- Location of Bieh in South Sudan
- Country: South Sudan
- Counties: 2 Nyirol; Uror;
- Capital: Waat

Area
- • Total: 19,279 km^{2} (7,444 sq mi)

Population (2008 census)
- • Total: 287,193
- • Density: 14.897/km^{2} (38.582/sq mi)
- Time zone: UTC+3
- • Summer (DST): not observed

= Bieh State =

State of South Sudan from 2015 to 2020

Bieh State (previously named Eastern Bieh State) was a state in South Sudan that existed between 2 October 2015 and 22 February 2020. It was located in the Greater Upper Nile region and it bordered Fangak to the west, Central Upper Nile to the north, Latjoor and Akobo to the east, and Jonglei to the south.

==History==

On 2 October 2015, President Salva Kiir issued a decree establishing 28 states in place of the 10 constitutionally established states.
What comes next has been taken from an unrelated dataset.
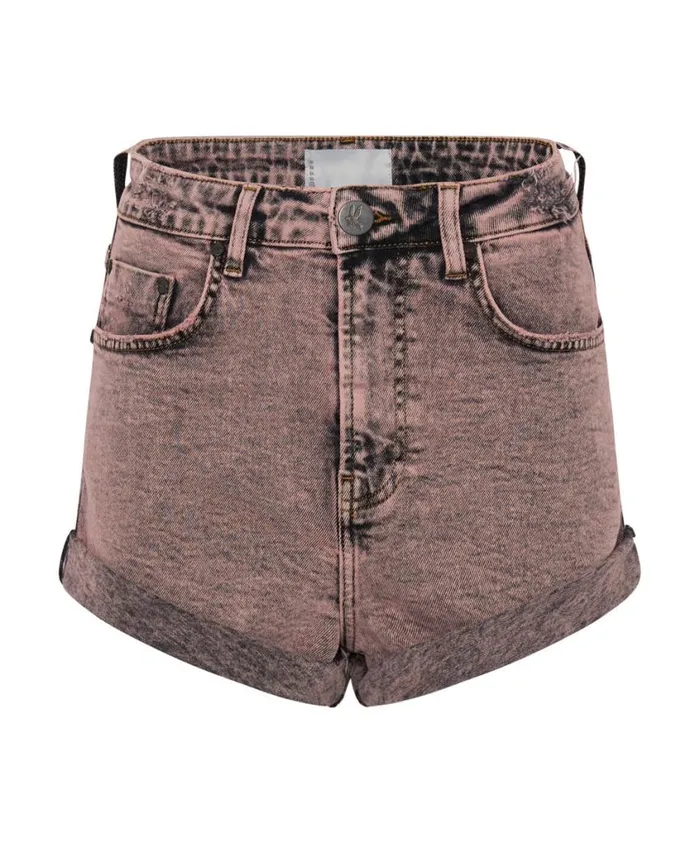 One Teaspoon Denim Shorts Women Night Haze Bandits High Waist Denim Short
The decree established the new states largely along ethnic lines. Several opposition parties and civil society groups challenged the constitutionality of the decree. Kiir later resolved to take it to parliament for approval as a constitutional amendment. In November, the South Sudanese parliament empowered President Kiir to create new states.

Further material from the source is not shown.